Since colonial times, Buenos Aires has been the center of the economic, cultural, and political life of Argentina. Much of the city has been built or renovated since 1900 and has a fairly modern appearance, with wide streets and many tall buildings. In general, the street pattern resembles a grid, which is crossed by two main diagonals. Some old, narrow streets remain and are usually reserved for pedestrians.

The heart of the city lies near the waterfront and centers around the Plaza de Mayo, the main square. Facing the squate are several of the city's principal public buildings. The Avenida de Mayo, a broad east-west street, connects the Plaza de Mayo with another major square—the Plaza del Congreso. Crossing the Avenida de Mayo at its midpoint is the Avenida 9 de Julio, one of the widest boulevards in the world. The main shopping and commercial district is north of the Plaza de Mayo and centers around Calle Florida, a narrow street open only to pedestrians for most of the day.

Economy

As an industrial center, Buenos Aires ranks first among Argentina's cities. Food processing, particularly meat packing and flour milling, is the chief industry. Others include the making of metal goods and machinery, electrical equipment, chemicals and drugs, leather goods, and textiles. Buenos Aires is one of the major printing and publishing centers of Latin America.

Most of Argentina's commercial and business activity takes place in Buenos Aires. It is the main center of wholesale and retail trade. Also, the headquarters of many of the nation's major banks, insurance companies, and large corporations are located here.

The port of Buenos Aires is one of the busiest in the world. It handles most of the tremendous tonnage of Argentina's agricultural exports and most of its imported goods. The nation's principal highways and railway routes converge on Buenos Aires. Ezeiza is the nation's busiest airport. The city has an extensive public transportation system, including a subway.

Landmarks and Places of Interest

Several of Buenos (Aires' major landmarks are clustered around the Plaza de Mayo. On the east side of the square is the state house, called the Casa Rosada (Pink House), which takes its name from the color of its exterior. Here the president of the republic conducts state business. Opposite the Casa Rosada is the Cabildo, the colonial town hall, where Argentina's independence movement began in May, 1810. It now houses a museum. In the Cathedral of Buenos Aires, on the north side of the square, is the tomb of General José de San Martín, one of the liberators of South America.

On the Plaza del Congreso is the impressive Palacio del Congreso Nacional, the meeting place of the national legislature. Another major landmark, on the Avenida 9 de Julio, is an obelisk commemorating the settlement of the city in 1536. Nearby is the Teatro Colón, a lavishly furnished theater, built as an opera house.

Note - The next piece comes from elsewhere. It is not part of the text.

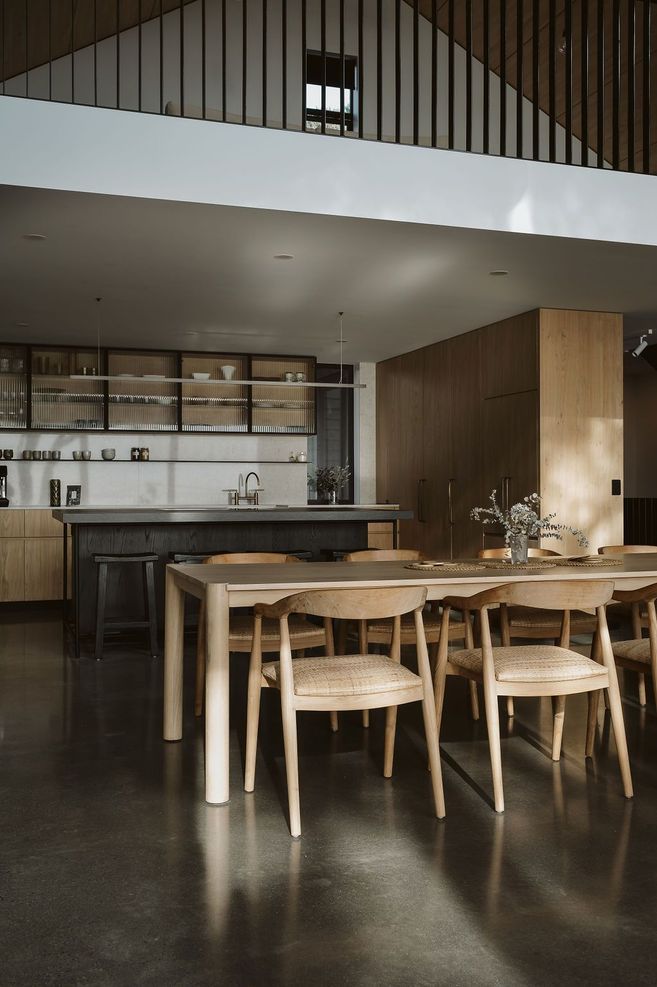 The kitchen was designed, manufactured and installed by Glen John Kitchens and features hardwood cabinetry with fluted glass, a dark stained island bench and an open-plan design that connects with the dining area.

Buenos Aires has a great number of parks. Among the most popular is Palermo, featuring gardens, ponds, and a renowned horse racing track. Nearby are the city's zoo and botanical gardens.

Education and Culture

The University of Buenos Aires, with more than 100,000 students, is one of the largest universities in the world. Also in the city are the National Technical University, the Catholic University of Argentina, the National Conservatory of Music, and many colleges and technical schools. The National Library is also here. Major museums include the National Museum of Fine Arts and the National Historical Museum. There are also a number of museums specializing in Spanish-American art, national and local history, and natural sciences. The city's chief center for the performing arts is the Teatro Colón, which offers opera, ballet, and symphonic music.